There was nothing to be done at the moment, for the new steward had everything in order. Kit had never seen the pantry so clean, nor the cabin brass-work so well polished. Mr. MacNish was apparently about forty years old, a plump man of medium height, his florid round face smooth except for a little tuft of iron-gray whiskers under each ear.

“Looks more like an Englishman than a Scotchman,” Kit said to himself; and his accent certainly was more English than Scotch; but his manner was much pleasanter than the other steward’s, and he used so many biblical quotations when he talked that Kit thought he must be a very devout man.

For the next four days the cabin boy was busy keeping tally of the general cargo as it came aboard, and after the same performance as before of anchoring by the Liberty statue and the Captain coming out in a tug, the North Cape got under way for Nassau. There was not much to be seen of the New Jersey coast this time, for she stood out to the southeastward all the first night, and in two days and a half crossed the Gulf Stream and ran into warmer weather. And every day Kit thought more and more of the new steward. He was so kind and gentle, so willing to do things himself rather than give Kit trouble, so neat and industrious, and above all so pious in his conversation, that it worried the cabin boy to see that Captain Griffith treated him rather abruptly, as if he did not care much for him.

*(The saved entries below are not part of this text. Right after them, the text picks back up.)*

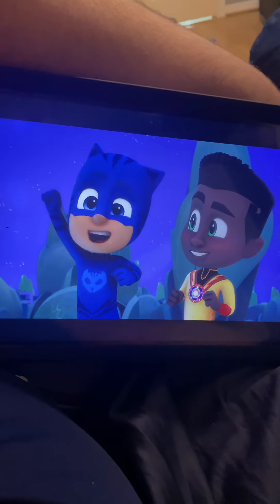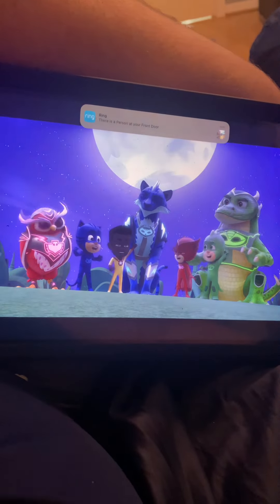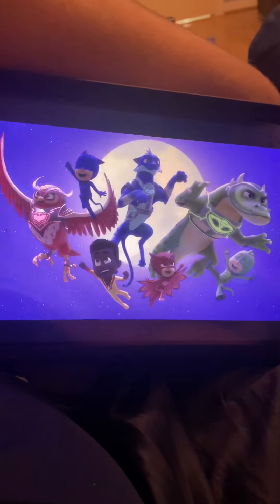PJ Masks, I'll shout hooray! Cause in the night, we save the day!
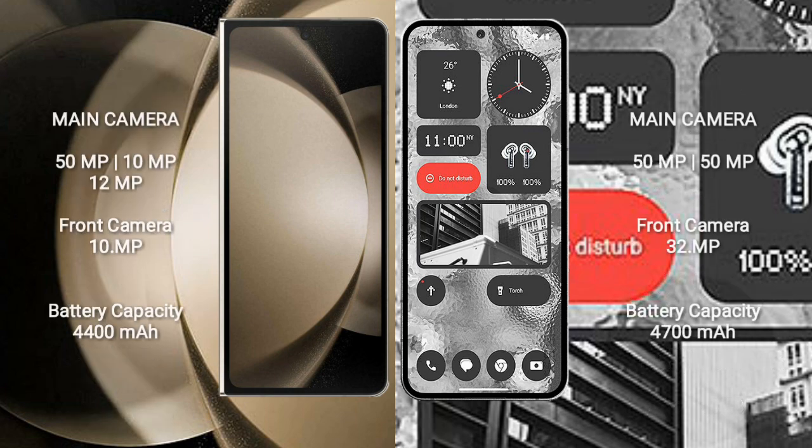Samsung Galaxy Z Fold 5 has a real-set triple camera setup: 50MP plus 10MP plus 12MP, and a front camera of 10MP.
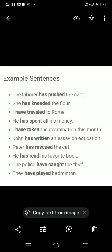कुछ examples: The labourer has pushed the cart; she has kneaded the floor; I have travelled to Rome; he has spent all his money; I have taken the examination this month; John has written an essay on education; Peter has rescued the cat; he has read his favourite book; the police have caught the thief; they have played Badminton। Has or have with the subject, verb की third form, और object — यह है present perfect tense।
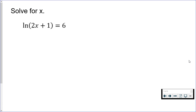This video contains two examples of solving log equations. These are a special type because they are natural logs. But if you know how to solve a log equation, you'll know how to solve these. The goal is to convert to exponential form.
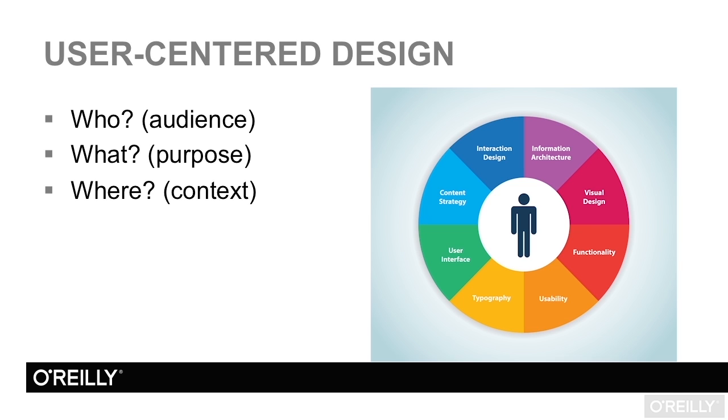All of these things will determine the type of functionality your app should possess, and how your app is designed. Your audience, the purpose, and the context, the who, what, and where are the fundamentals of user-centered design.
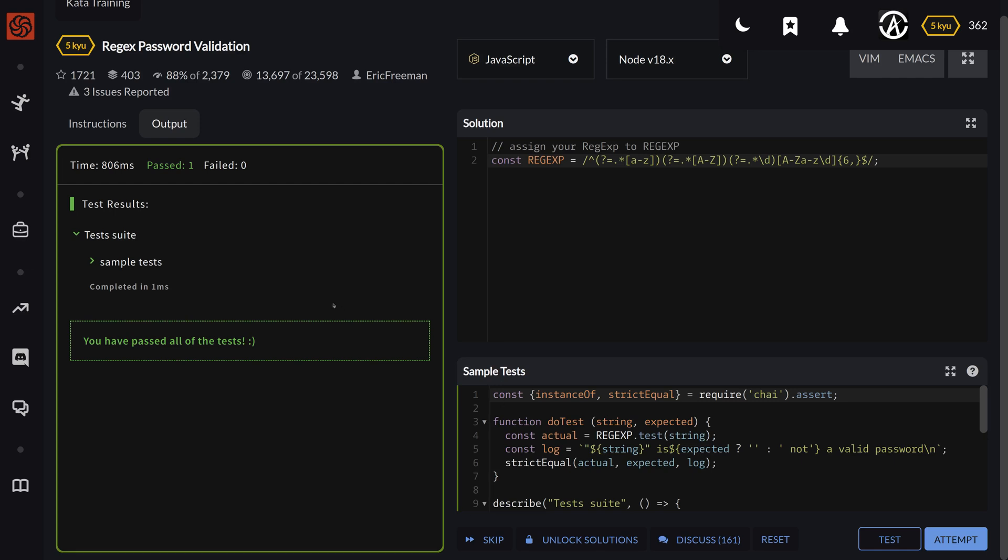Regex password validation. So I need to come clean with this one. As you can tell, I already made it work, and I have something else to tell you, but I'll tell you in just a moment.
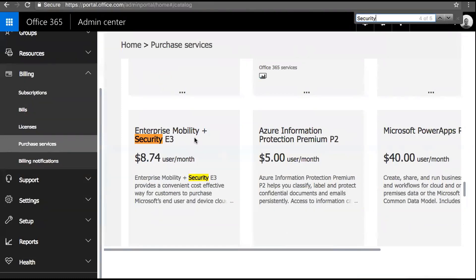When you want to use Advanced Security Management, you need to apply that license to every single user. If you've got 50,000 people at $3 per user because you don't have E5, that can add up quickly. You can batch it into specific groups — for example, go into Azure AD, create a group, assign a license to those individuals, and then utilize ASM just for those users.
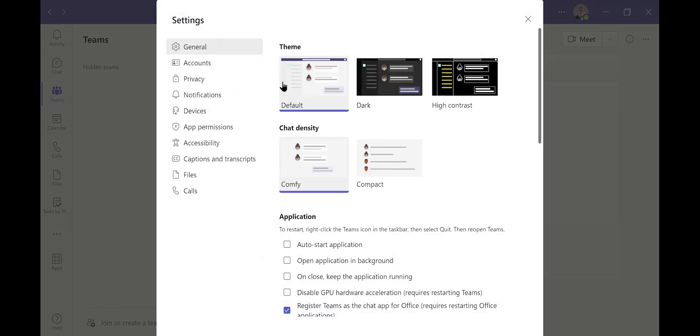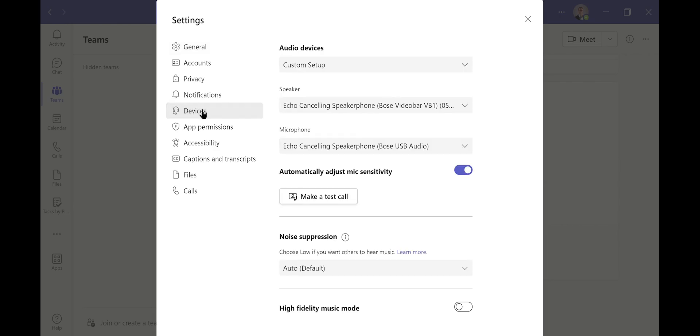I'm then going to click devices on the left hand side. And now in the middle of the screen, once I've chosen which devices I want to use, I can make a test call.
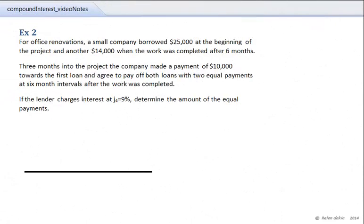Example 2. For office renovations, a small company borrowed $25,000 at the beginning of the project and another $14,000 when the work was completed after six months. Three months into the project, the company made a payment of $10,000 towards the first loan and agreed to pay off both loans with two equal payments at six-month intervals after the work was completed. The lender charges interest at 9% compounded quarterly — J4 equals 9%. Determine the amount of the equal payments.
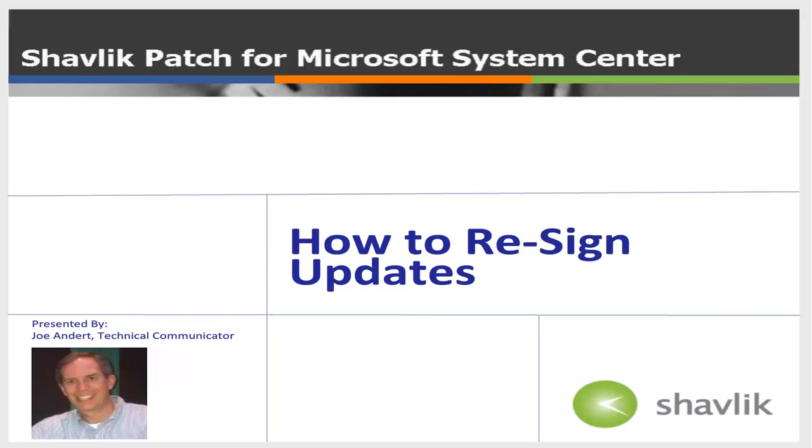Hi everyone and welcome to Shavlik Patch. My name is Joe Andert and I'm a technical communicator with Shavlik. In this video, I'll tell you what you need to know about re-signing your updates. Let's get started.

“Was that a little Bible I saw you have last night, my boy?” Mr. MacNish asked Kit one morning. “Ah, I thought so. I like to see boys read their Bible. And maybe you’d lend it to me sometimes. Mine must have been stolen, I’m afraid, for I always carry it in my satchel. Oh, it’s a great comfort, lad, in times of trouble. My good old father” (his voice grew a little husky) “taught me to read my chapter every day, and I don’t like to miss it. I hope to see the day when we’ll have morning and evening service on every ship afloat.”

On the sixth day after leaving New York they sighted Nassau, and Kit was delighted with the appearance of the place from the water. The big square stone houses, with their upper and lower balconies enclosed with green Venetian blinds; the red tiled roofs, white streets running up a steep hill, palm trees waving gracefully over many of the roofs, old forts, half in ruins, to the right and left of the town, and the warm summer weather in midwinter, made it seem like a little fairy-land. But these things had to be seen from a distance, for the North Cape drew too much water to cross the bar. She anchored outside, half a mile from the town, close under the long narrow strip of rock called Hog Island, where she was exposed to the north wind and would have to hoist anchor and put to sea if a gale came.

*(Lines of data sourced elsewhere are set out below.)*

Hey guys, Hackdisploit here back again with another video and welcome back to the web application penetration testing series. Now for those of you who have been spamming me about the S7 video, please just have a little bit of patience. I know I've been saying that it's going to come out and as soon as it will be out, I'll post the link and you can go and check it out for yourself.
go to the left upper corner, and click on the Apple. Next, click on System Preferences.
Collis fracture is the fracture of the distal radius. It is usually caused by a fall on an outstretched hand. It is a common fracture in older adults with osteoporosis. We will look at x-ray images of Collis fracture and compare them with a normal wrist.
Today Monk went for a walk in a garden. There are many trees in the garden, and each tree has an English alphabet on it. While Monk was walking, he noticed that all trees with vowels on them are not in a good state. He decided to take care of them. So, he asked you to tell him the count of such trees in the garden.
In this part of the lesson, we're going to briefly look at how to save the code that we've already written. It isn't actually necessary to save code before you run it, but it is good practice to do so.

By the next day the lighters were ready, for the cargo had to be landed in lighters as it had been in Sisal, though the distance was not as great, and Kit was set ashore early to check off every package as it was put on the wharf. He was no beginner at this work now, and as the people spoke English he found it much easier than at Sisal, though the boatmen and ’longshoremen were all negroes, and spoke a mixed jargon of Congo African and Colonial English that was sometimes almost as hard to understand as the Spanish. The day was intensely hot, and there was no tree or building on the wharf to give him shelter, and the lighters arrived so fast that he not only had no chance to see anything of the city, but had not even time to stop for dinner.

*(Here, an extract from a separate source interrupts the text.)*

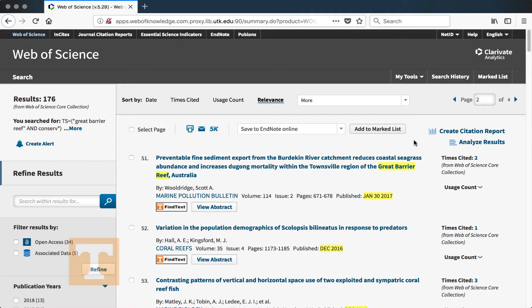In this video we'll learn about how to get access to the full-text article for searches that we complete in Web of Science. In our previous video we searched for 'Great Barrier Reef' and 'concern' and applied filters to limit the results down to articles in the last five years, with other options as well. We ended up with 176 results.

The only break in the long day was when the mail steamer, the Santiago, arrived from New York. She also was too large to cross the bar, and a little tug went out to her and carried her passengers and mails ashore.

When the day’s work was over, Kit was quite ready to return to the ship and eat his supper; but while they were washing dishes the steward proposed that they should get permission and spend the evening on shore.